La science-fiction soviétique, si chère à Jacques Bergier qui avait l’avantage de pouvoir la lire dans le texte, est mal connue dans notre pays car peu traduite. Grâce à l’ouvrage de Viktorya et Patice Lajoye, Etoiles Rouges. La littérature de science-fiction soviétique (Piranha), nous pouvons découvrir la richesse de ce qui s’est publié entre le début du XXème siècle, sous le régime tsariste jusqu’à la fin de L’URSS en 1992. Le livre est une mine de découverte, de ce qu’ils appellent le « petit âge d’or de la NEP » jusqu’à ce qui se publie sous Staline, avec des anecdotes étonnantes comme celle de cet auteur, Ian Larri, qui envoie en 1940 des lettres anonymes au Petit Père des Peuples, chacune accompagnée d’un chapitre de son roman de SF sur Martien qui découvre l’état pitoyable du pays cent-dix-sept ans plus tard (inutile de préciser qu’il a visité la Sibérie dès que le NKVD a découvert qui il était… : on y voit qu’il se publie principalement des romans historiques, révolutionnaires et réalistes, à l’anticipation à très court terme.

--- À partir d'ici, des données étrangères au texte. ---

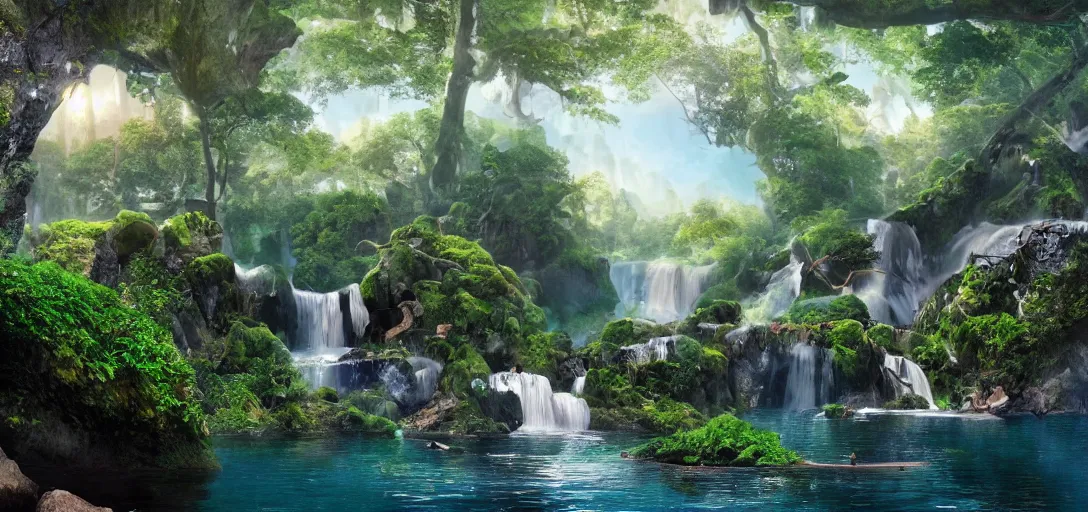 Prompt: a beautiful futurist forest island with waterfall floats in the air, matte painting, 4 k, details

Nos deux auteurs consacrent aussi un chapitre étonnant aux romans de SF réactionnaires écrits par les émigrés russes. Sont abordés ensuite des auteurs importants que nous connaissons un peu en France, Kazantsev et ses anciens astronautes, les grands frères Strougatski dont l’importance est fondamentale, Kir Boulytchev et son étonnant héros, Pavlich, un médecin civil. L’analyse des Lajoye est tout à fait pertinente, démontant que la SF soviétique est une SF d’ingénieurs, qui privilégie la science par rapport à la fiction ; ils nous exposent d’ailleurs le débat qui eut lieu dans les années 1960 entre « physiciens » et « lyriques » où ce qui est important est la respectabilité du genre. Leur étude se termine par la SF « noire » (dystopique) des années 1980 et se conclut sur l’apparition, récente, d’une SF « impérialiste », uchronique et steampunk, flirtant avec le nationalisme et la grandeur de la Russie d’avant 1917.

Aux analyses des auteurs s’ajoutent des résumés des romans cités, beaucoup n’étant pas traduits et ayant peu de chances de l’être un jour, afin de faciliter la compréhension par le lecteur de cette histoire de la SF russe et soviétique et de pouvoir ainsi suivre son évolution. Avec son beau cahier iconographique, voici un ouvrage indispensable à quiconque s’intéresse à l’histoire de notre genre favori, d’une lecture fort agréable, qui vous donnera envie de lire les anthologies de nouvelles que Viktorya et Patrice Lajoye ont publié chez Rivière Blanche (Dimension URSS, 2009, Dimension Russie, 2010, Dimension Avenirs radieux, 2016), anthologies complétant bien cette étude.